# Orthogonal Eigenfunctions (Landau Lifshitz)

1. Sep 15, 2011

### Master J

I've been reading QM by Landau Lifgarbagez, in which I've come across a statement I can't seem to get my head around.

It states (just before equation 3.6):

a_n = SUM a_m. INTEGRAL f_m. f_n. dq

( a_n is the nth coefficient, f_m is the mth eigenfunction of an operator, dq is the differential element.

It follows from the equation for determining the coefficients in a wavefunction composed of a linear sum of eigenfunctions of an operator:

a_n = INTEGRAL f_n. f. dq )

It then states that it is evident from this that the eigenfunctions must be orthogonal. I don't see how this is? I would like to understand this, as it would imply that orthogonality of eigenfunctions would fall directly out of the mathematics of QM!

2. Sep 15, 2011

### Bill_K

Landau and Lifgarbagez is really laborious to read - I think the English translation is partly to blame. The wording is heavily convoluted, making it hard to follow the argument.

Notice that they snuck in without explicitly saying so the assumption that all the eigenvalues fn are distinct. In fact if two eigenvalues coincide, you can choose linear combinations of the Ψn's that are not orthogonal, rendering the conclusion false.

3. Sep 16, 2011

### Master J

Is it assumed in QM that all eigenvalues f_n of a given operator ARE distinct? Why?

4. Sep 16, 2011

### Master J

Is it assumed in QM that all eigenvalues f_n of a given operator ARE distinct? Why?

5. Sep 16, 2011

### sweet springs

Hi, Master J.

Operators corresponds to physical variables, e.g. energy, position, and eigenvalues of operator corresponds to values of physical variables e.g. 0.12 Joule, 3.45 meter. Observed value should be distinctive.

Regards.

Last edited: Sep 16, 2011
6. Sep 16, 2011

### HallsofIvy

The orthogonality "falls out" from that definition of the coefficients.

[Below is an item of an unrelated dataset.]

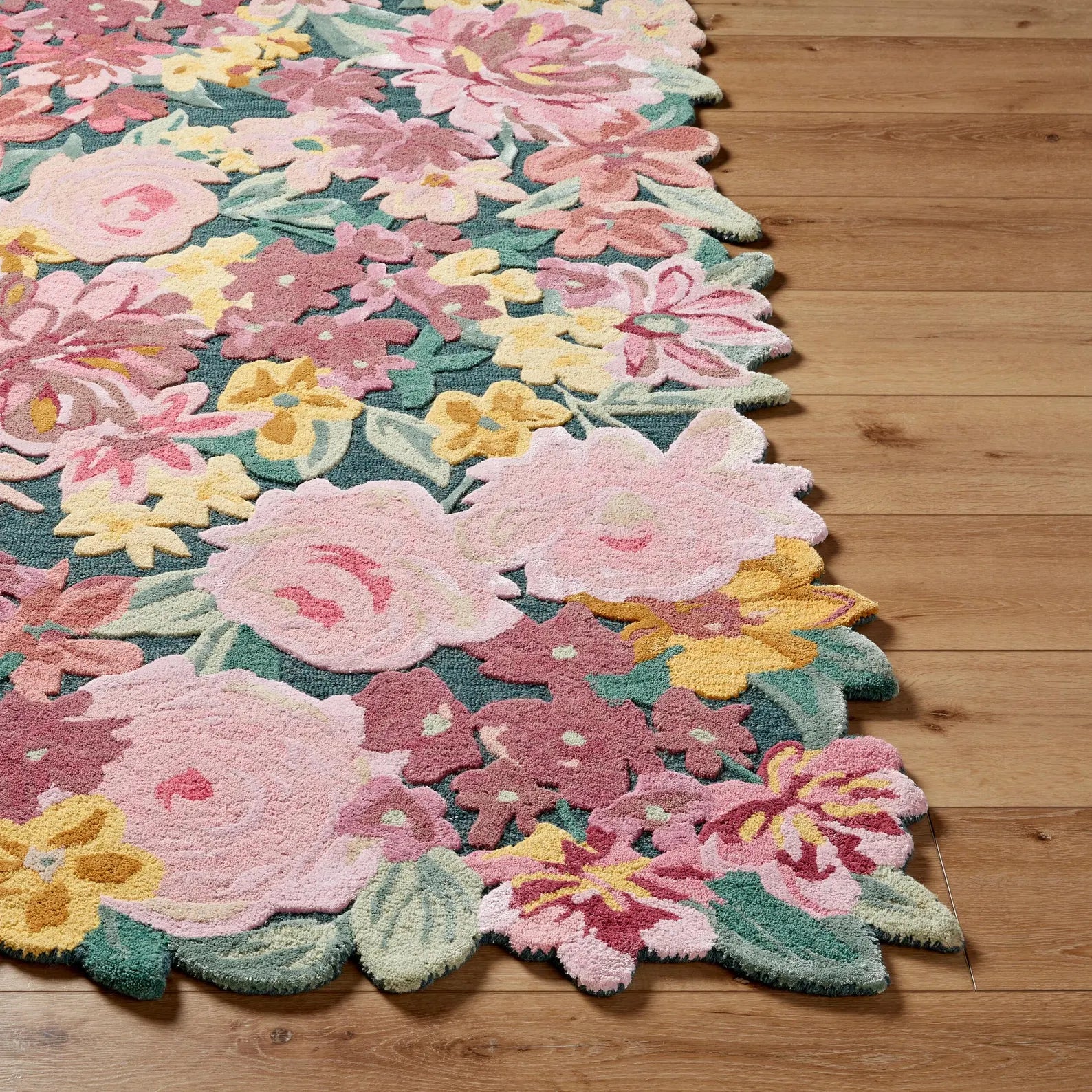 Floral Fantasy Wool Rug corner view showing sculpted floral edges and hand tufted wool texture with vibrant pink, yellow, and green blossoms on a natural base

In particular, if you look for the coefficient, an, in the expansion of fm, you get
$$an= \int fn fm dq$$
But, fm is itself a basis function, so fm is just 1 times fm plus 0 times all the other basis functions. That is
$$am= \int fm^2 dq= 1$$
[tex]an= \int fn fm dqa= 0[tex]
for n not equal to m.

7. Sep 16, 2011

### Bill_K

No, of course not. Eigenvalues can be degenerate. In a spherically symmetric potential for example, solutions proportional to Yℓm for m = -ℓ,... ,+ℓ will have the same energy.

8. Sep 16, 2011

### muppet

It's mentioned at the start of that section that really one should speak about "complete sets" of observables, but for simplicity it was assumed that we'd chosen an observable whose eigenstates formed a complete set by themselves, which would I think mean that it had no degeneracy in its spectrum.

For example, in the case of a spherically symmetric potential, the states Bill_K mentioned with different values of the quantum number m are orthogonal to each other.